----- Recorded data -----

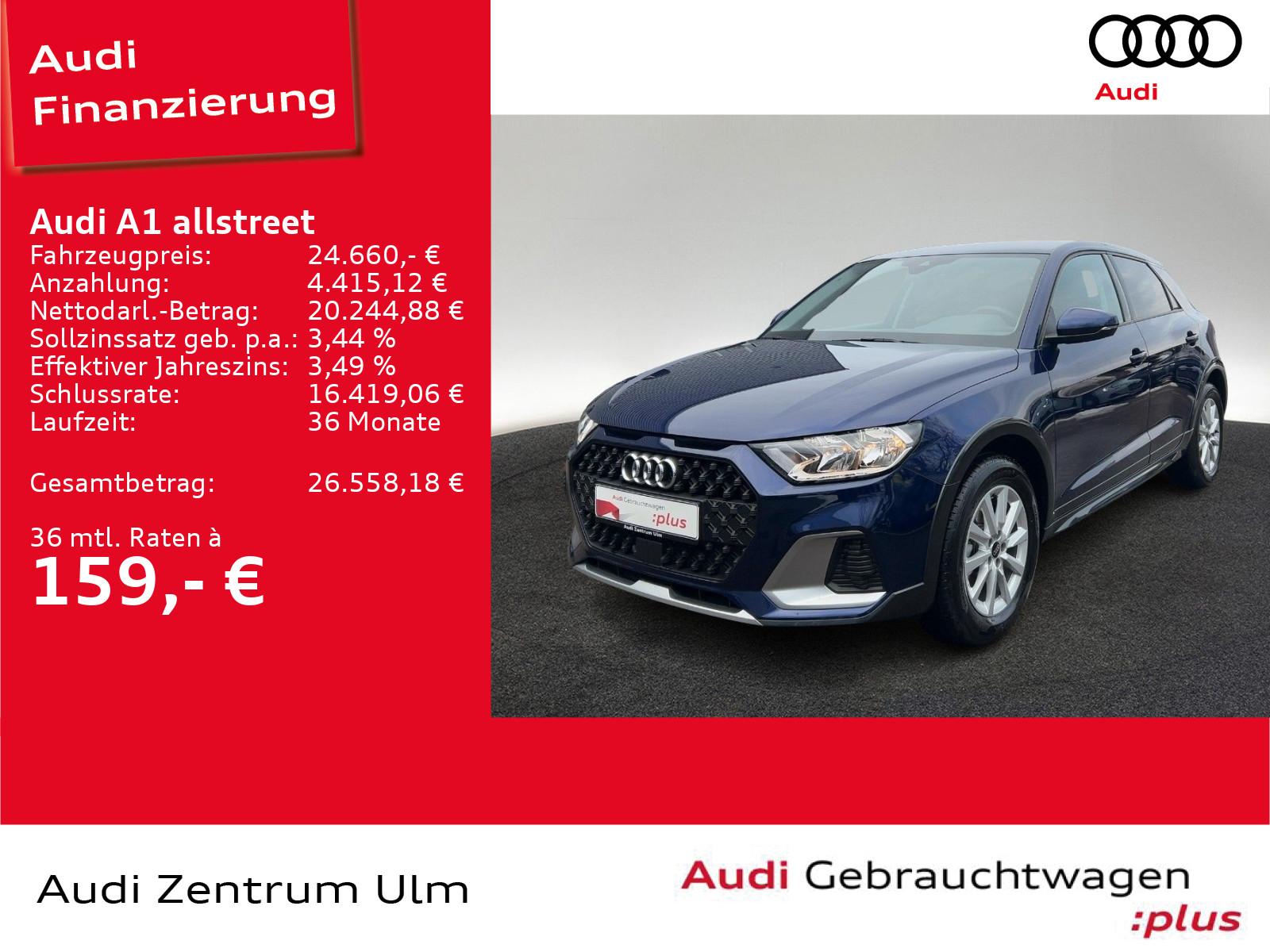 Audi A1 allstreet 30 TFSI NAVI+ PDC SHZ VIRT 5J.GAR.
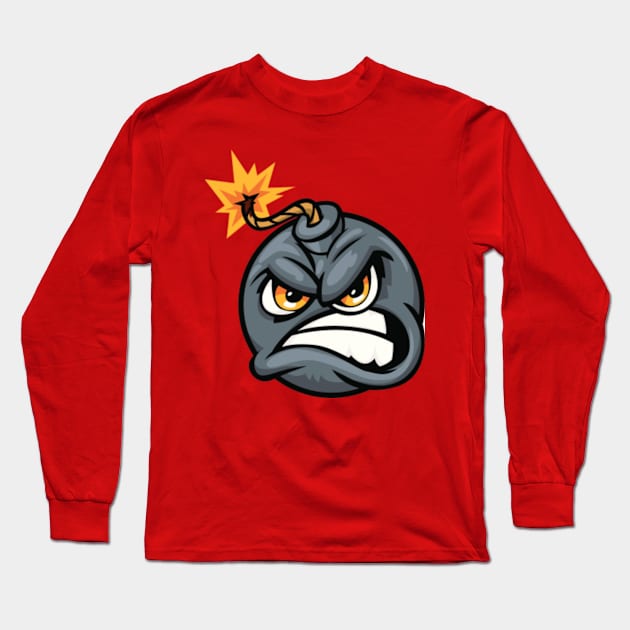 Angry Emotion Long Sleeve T-Shirt by MIXCOLOR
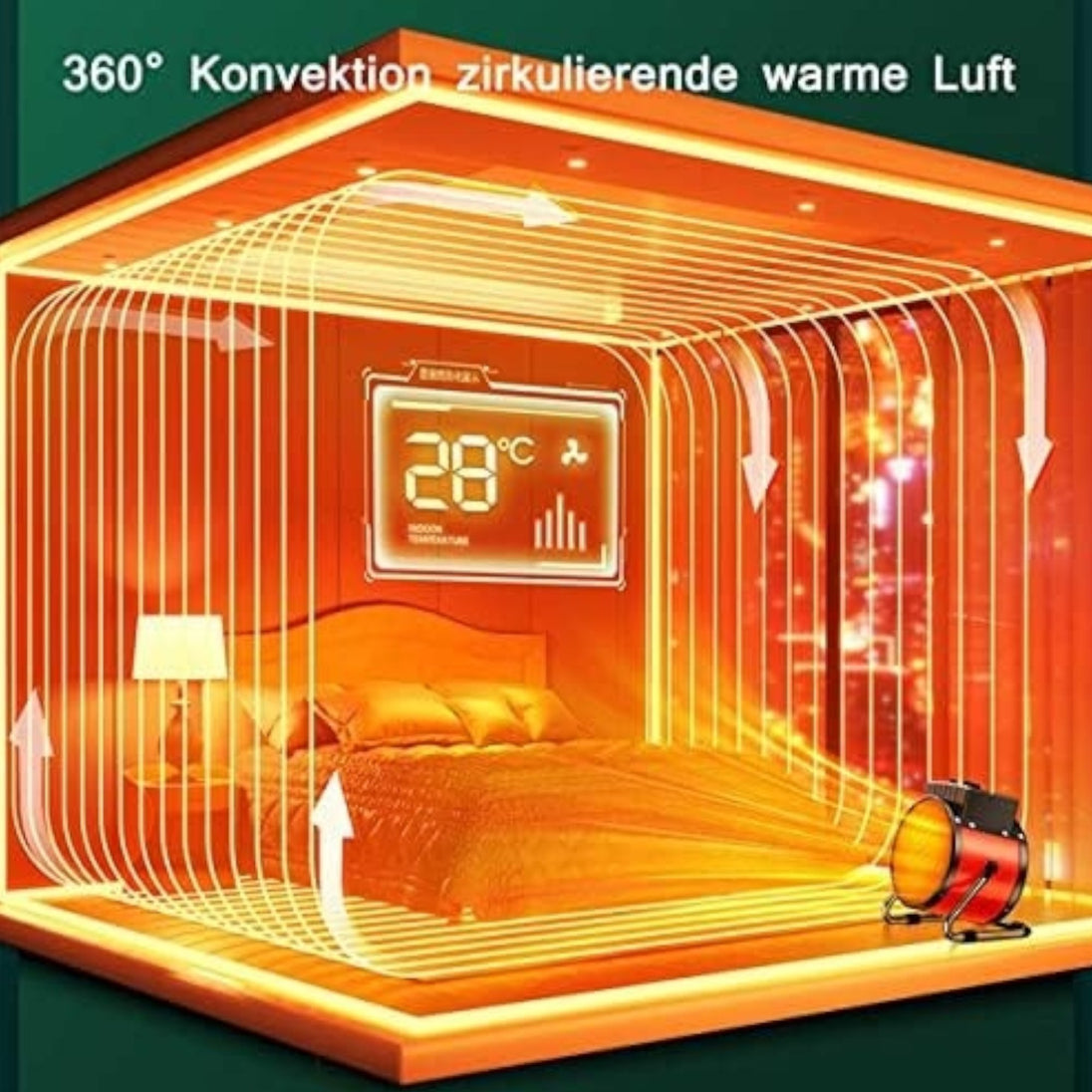 "Edon" Prijenosna Grijalica 2000W - Zoro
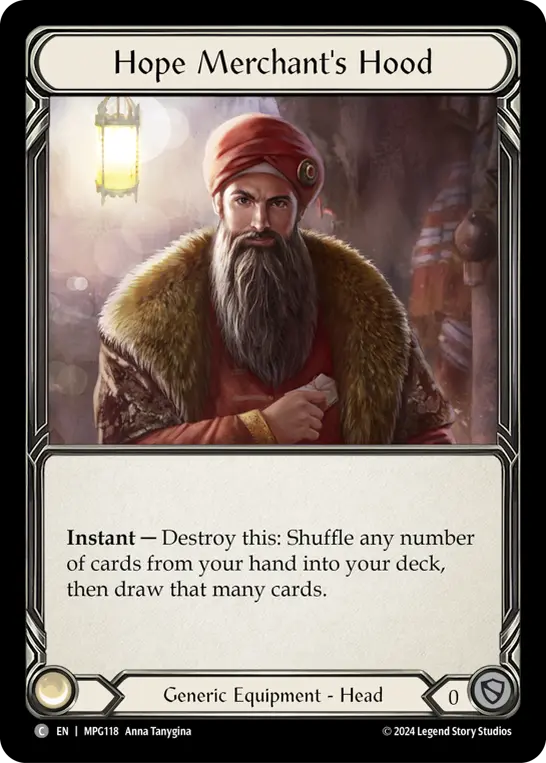 Card: Hope Merchant's Hood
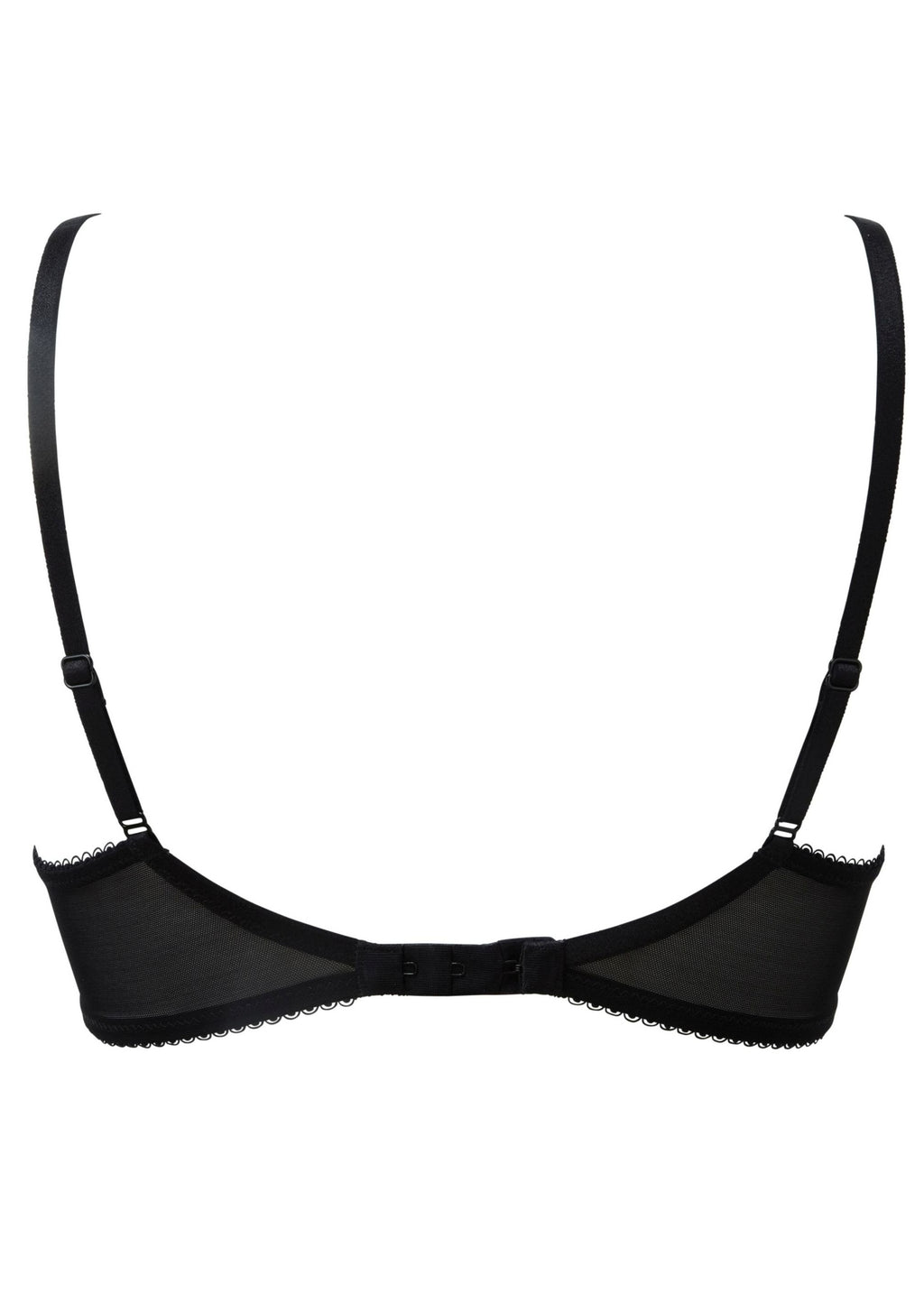 Gossard Lace Natural Push-Up BH Black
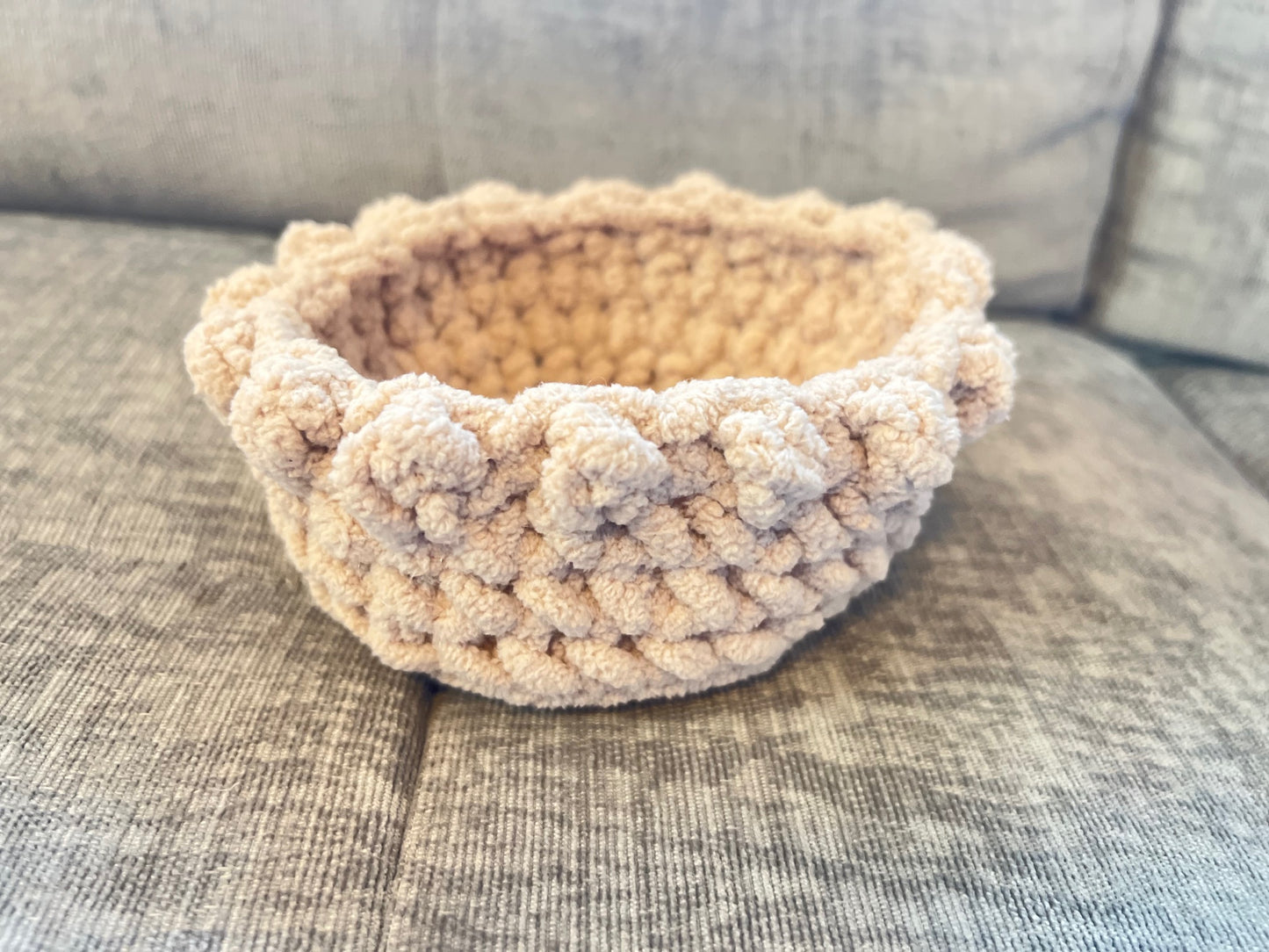 Mabel the Chicken | Handmade Crochet Plushie | Optional Nest | Soft Chunky Yarn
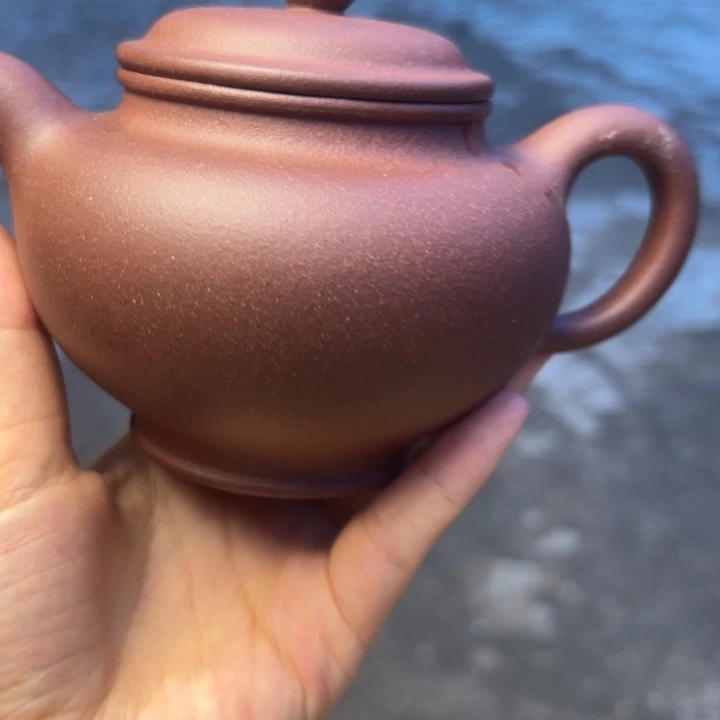茶壶紫砂紫泥半手370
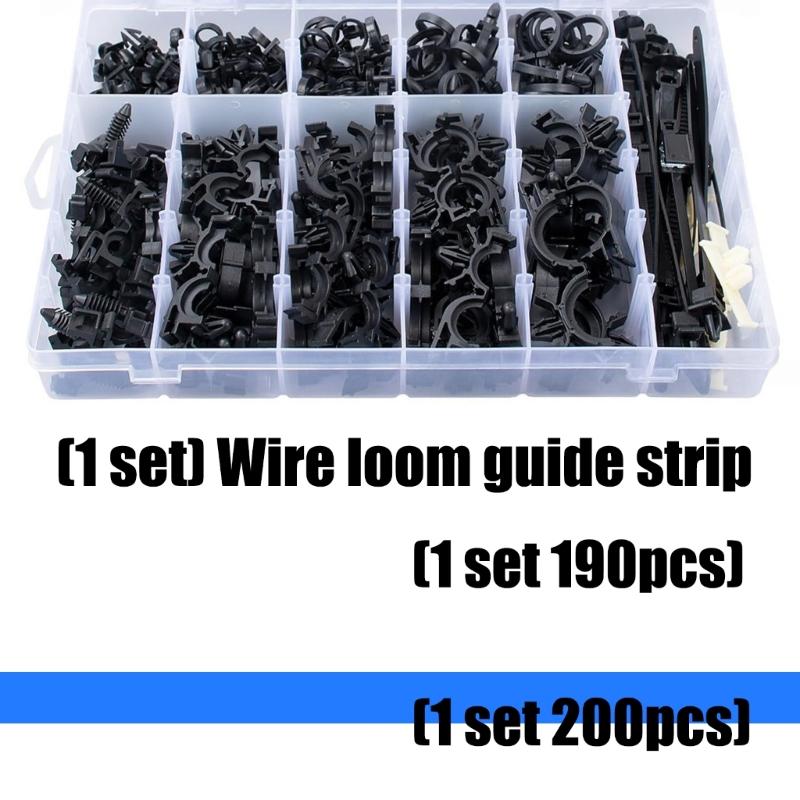Wiederverwendbare Nylon-Kabelbinder in verschiedenen Größen mit Steckmontage zur schnellen Kabelorganisation im Büro und zu Hause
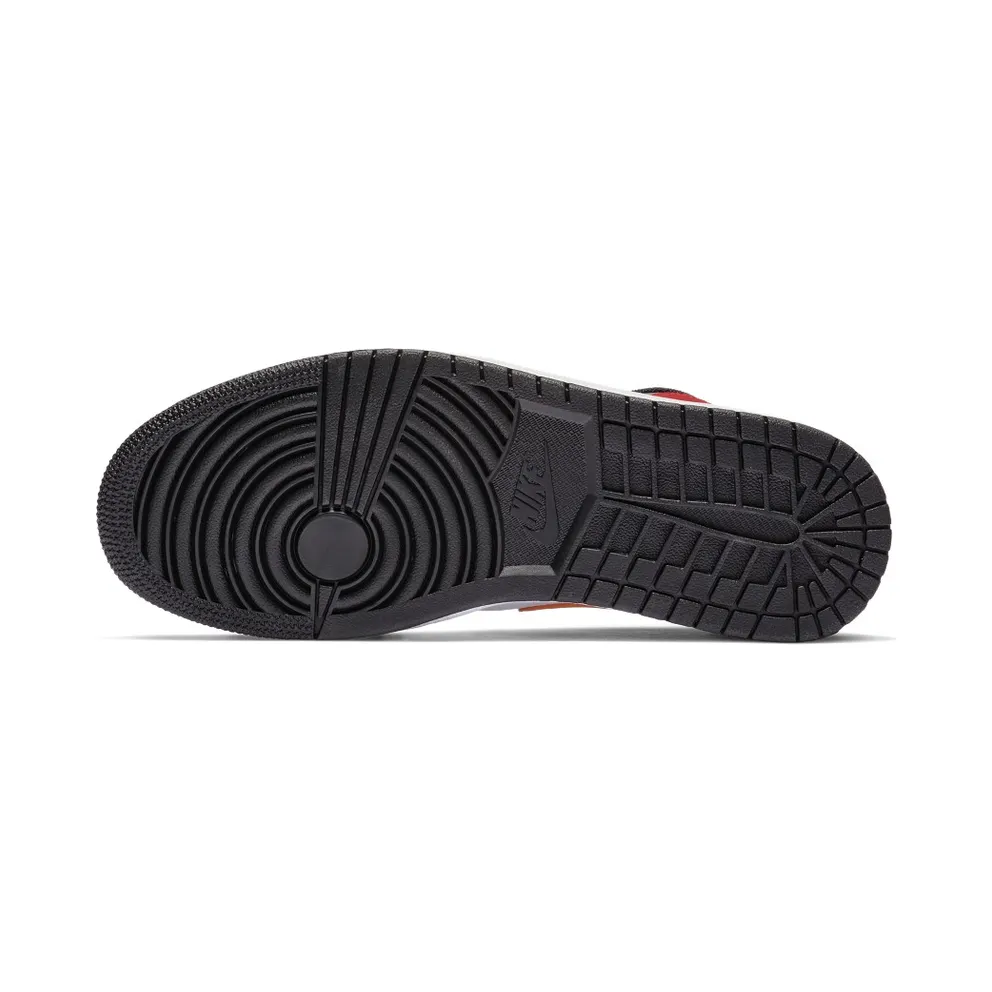 Jordan 1 Mid Bred Multi-Color White/University Red-Black-Turbo Green (554724-125)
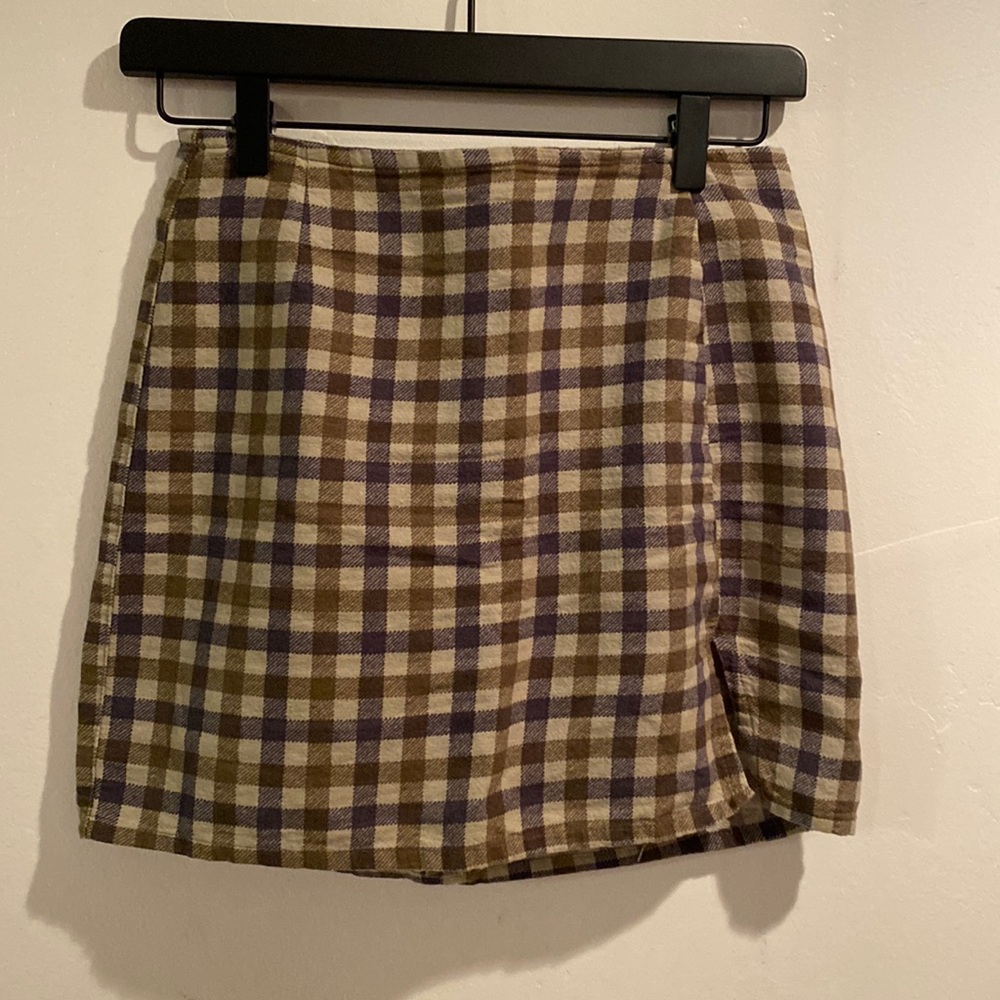 Motel Rocks checkered mini skirt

-----

▶ Exercise instructions
Your answer must be exactly the lines from the one with "Jordan 1 Mid" through the final line of the data, with no pictures in it.

▶ Expected answer
 Jordan 1 Mid Bred Multi-Color White/University Red-Black-Turbo Green (554724-125)
 Motel Rocks checkered mini skirt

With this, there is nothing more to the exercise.